Capitalismo de Estado é a alternativa imaginada por Hitler e Mussolini ao capitalismo liberal, que odiavam por associálo à dominação anglo-saxônica e à conspiração judaica mundial. O “socialismo do século XXI”, pregado pelo sociólogo Heinz Dieterich, um dos gurus de Chávez, representa uma restauração explícita da ideia de capitalismo de Estado. No lugar do socialismo clássico, ou como longa transição até aquela meta, o Estado dirigiria uma economia capitalista nucleada por empresas estatais e grandes conglomerados nacionais privados. De acordo com essa lógica, a Petrobras não é apenas uma empresa estatal, que deve ser avaliada pela sua eficiência e está obrigada a prestar contas aos cidadãos e a seus acionistas, mas uma ferramenta privilegiada de um programa político. Eis o motivo pelo qual seus segredos precisam permanecer submersos.
No “Petit Lavisse”, como assinalou Pierre Nora, a verdade histórica confundese com um imperativo moral: a unidade. Este é o imperativo do nacionalismo, que está sempre a um passo da rejeição da democracia, o regime da diversidade política e da discórdia organizada. No discurso dos nacionalistas, pende sobre a oposição a acusação permanente de representar a quinta-coluna: os elementos infiltrados que veiculam interesses estrangeiros.
Lula não compartilha o credo nacionalista de seu partido, mas não se curva a limites éticos e conhece as vantagens práticas de empregar o ardil maniqueísta nas horas decisivas.

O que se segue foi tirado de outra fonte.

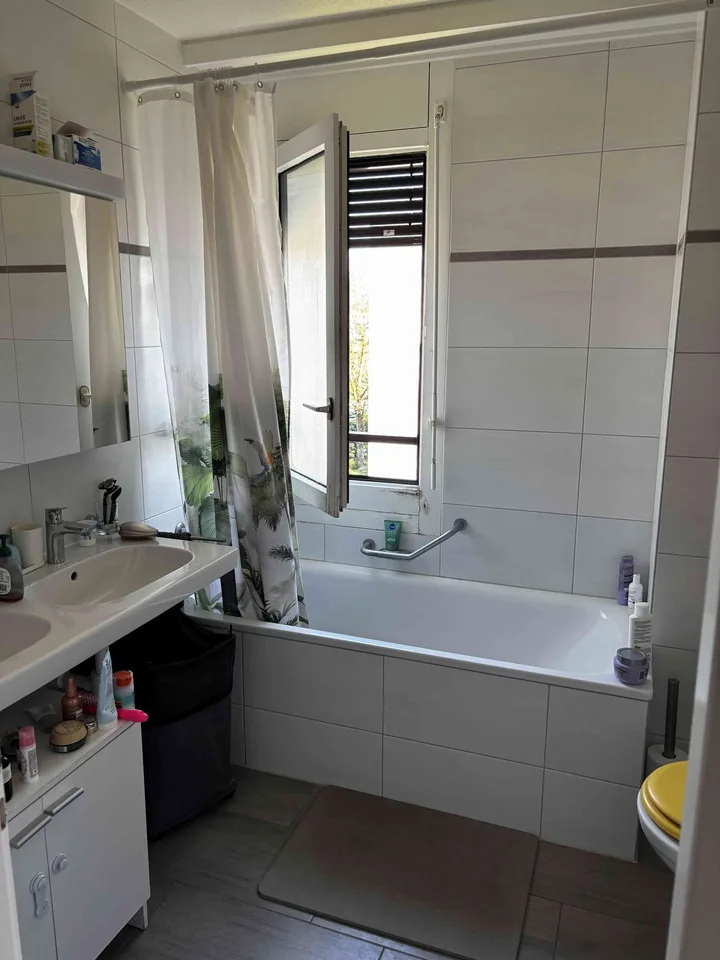 appartement 3.5 pieces traversant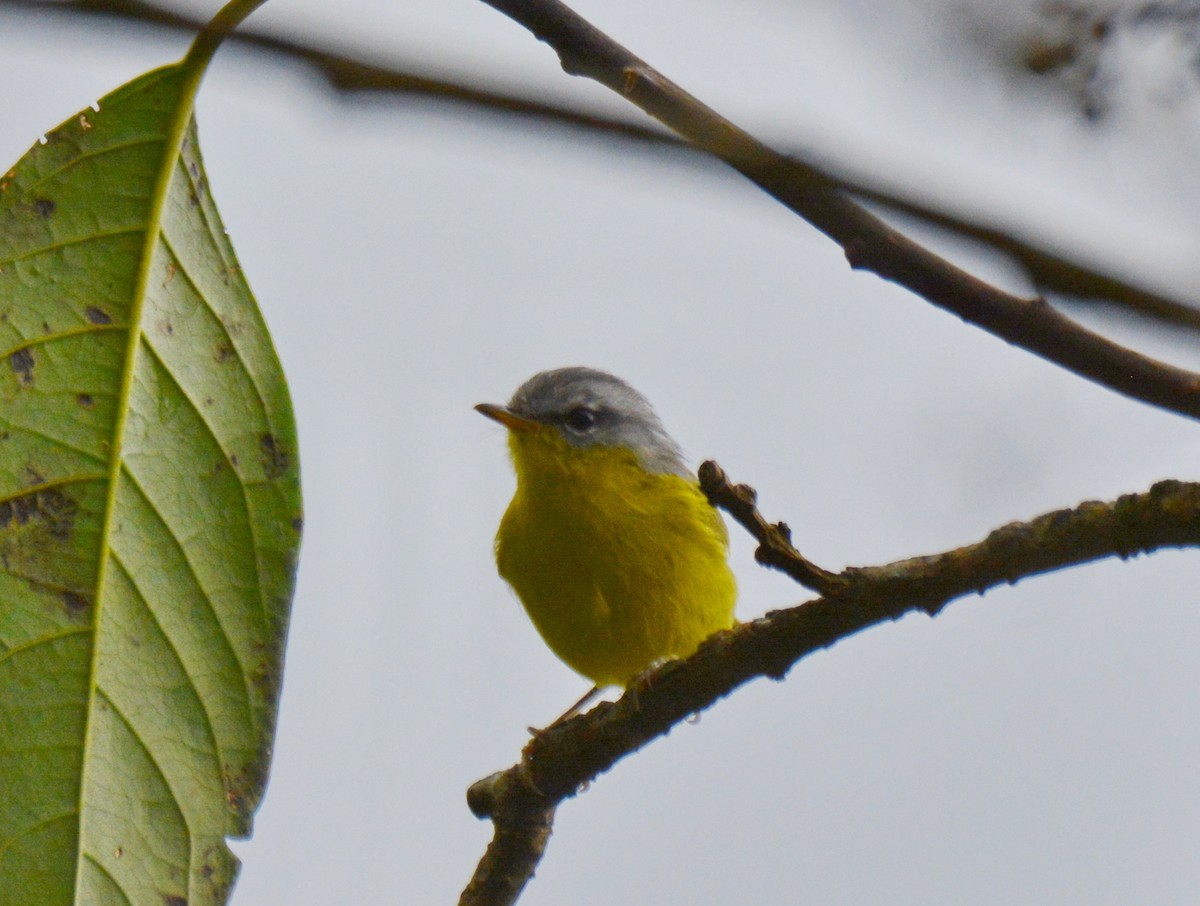 Gray-hooded Warbler - ML647597850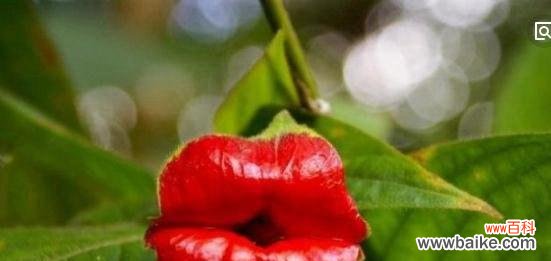 探索女性力量与美丽的花朵世界 以代表女性的植物为主题的文章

Em 2006, Geraldo Alckmin rendeu-se à chantagem quando, confrontado com a falsa acusação de pretender privatizar a Petrobras, apresentou-se para o segundo turno como um patético cabide de broches de empresas estatais. Se a oposição nada aprendeu daquele episódio humilhante, entrará em falência.
Uma coisa é perder nas urnas. Outra, bem distinta, é renunciar à defesa dos princípios democráticos.